Atlanta Artist Jamele Wright, Sr. to present talk at the Albany Museum of Art

The Artist Will Speak About His Exhibition, Work, and Career at 5:30 pm on Friday, May 16

ALBANY, Ga.  Multimedia artist Jamele Wright, Sr., the inaugural awardee of the Albany Museum of Art’s juried open call for artists, will present an artist talk at the AMA from 5:30-7 pm on Friday, May 16. The event is free and open to the public.

The Atlanta artist will speak about his work in his McCormack Gallery exhibition Hues of Skin and Earth, which features a conceptual body of work called the BROWN series. Wright will also share information about his background and his art practice.

Hues of Skin and Earth is one of three exhibitions that open Thursday, May 15, at the AMA. Also opening are In Conversation: Will Wilson, with support from Art Bridges, in the Haley Gallery, and Buqaqawuli Nobakada: Her Ladyship, Countess of Cumakala in the East and Hodges Galleries.

“Jamele’s works really inhabit the exhibition space,” AMA Curator of African Collections and African Diasporic Art Sidney Pettice said. “When visitors walk through Hues of Skin and Earth, these large abstract textile works create a presence. Having the opportunity to hear the artist speak about the intention of this conceptual series will be a moving experience for our patrons.”

Wright, born and raised in Ohio, moved at age 22 to Atlanta, where he began his artistic career at the intersection of jazz music, poetry, and visual arts. While his works emit presence, they also evoke feelings of warmth, body, and landscape.

Inspired by the work of abstract-expressionist painter Al Loving, who is best known for his artworks which meticulously balanced shape and form, Wright continues Loving’s tradition and legacy while providing new perspectives on the use of color.

His exhibition Hues of Skin and Earth offers an immersive and imaginative experience bringing about memories, feelings, and experiences interconnected with color, shape, and form.

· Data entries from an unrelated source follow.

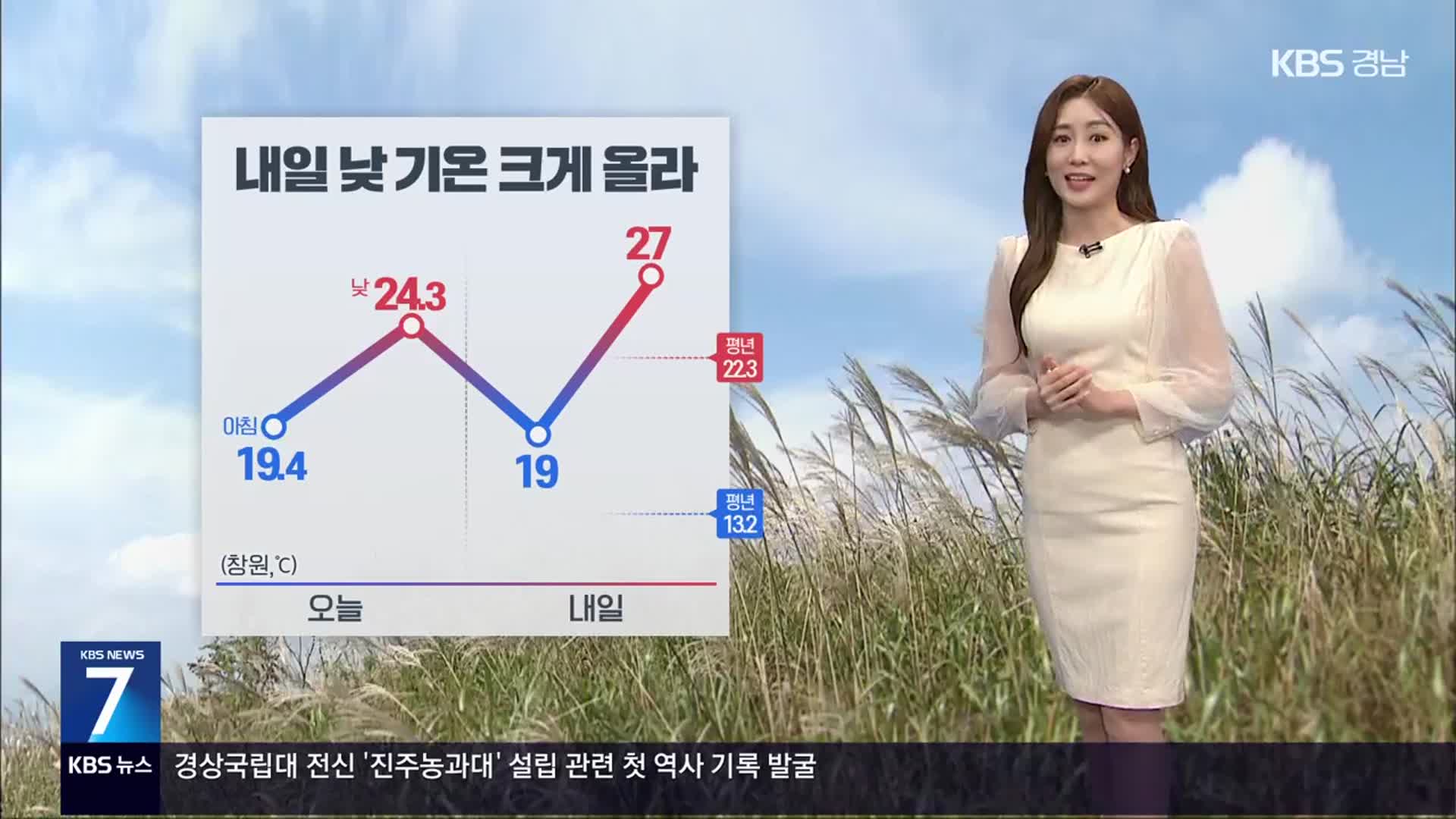 [날씨] 경남 내일 낮 기온 크게 올라…아침까지 짙은 안개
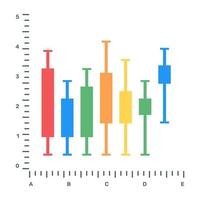 A box plot or a candlestick chart icon in flat editable design vector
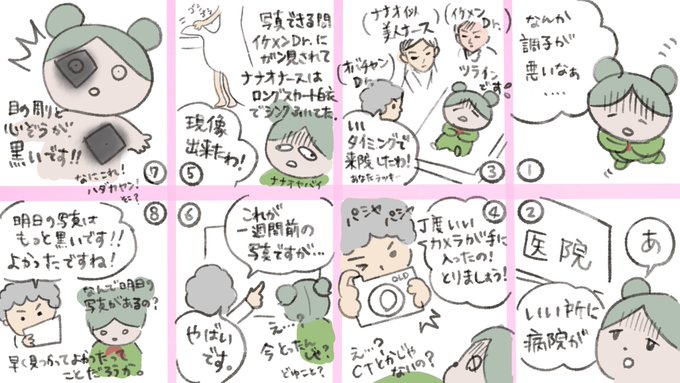 なんかすごーいリアルな夢を見たので漫画化してみた!右目と心臓に気をつけようと思う 
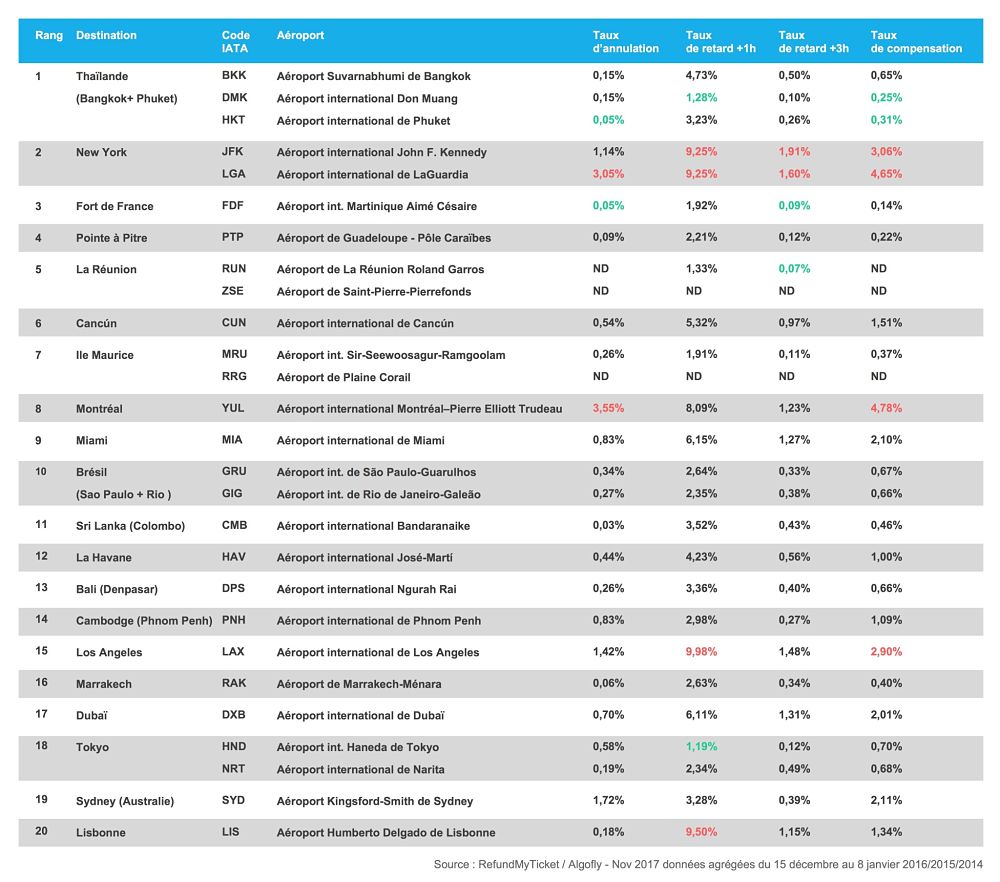 Classement des 20 destinations préférées des Français pour les vacances de Noël et le risque de retard et d'annulation associé.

When creating the body of work on exhibit titled BROWN, the artist was inspired by the notion of brown artwork and paintings being unpopular or undesired. In breaking the color down into reds, oranges, yellows, blues, and greens, Wright rethinks color association and hue. He has placed his body of work in the conversation with classical depictions of landscapes from the Hudson River School to the visual world of film Technicolor in the early- to mid-20th century.

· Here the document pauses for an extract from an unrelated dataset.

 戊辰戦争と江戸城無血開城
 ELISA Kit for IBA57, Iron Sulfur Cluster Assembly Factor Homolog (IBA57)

Wright is the first awardee of the AMA’s open-call search for Georgia-based artists for a solo exhibition. The jury selected his work out of the nearly two dozen submissions.

“In receiving an overwhelming number of submissions for this first juried open call for artists, we are very excited to announce that this will be an annual occurrence,” Pettice said. “We also plan to expand our scope to include other Southern states, broadening artist exposure.”

AMA EXHIBITIONS

  • In Conversation: Will Wilson, with support from Art Bridges, is May 15-Aug 16, 2025, in the Haley Gallery.
  • Buqaqawuli Nobakada: Her Ladyship, Countess of Cumakala is May 15-Aug 16, 2025, in the East and Hodges Galleries.
  • Hues of Skin and Earth, works by Jamele Wright, Sr., is May 15-Aug 16, 2025, in the McCormack Gallery.
  • 20th Century Small Works on Paper from the Permanent Collection is in the West Gallery.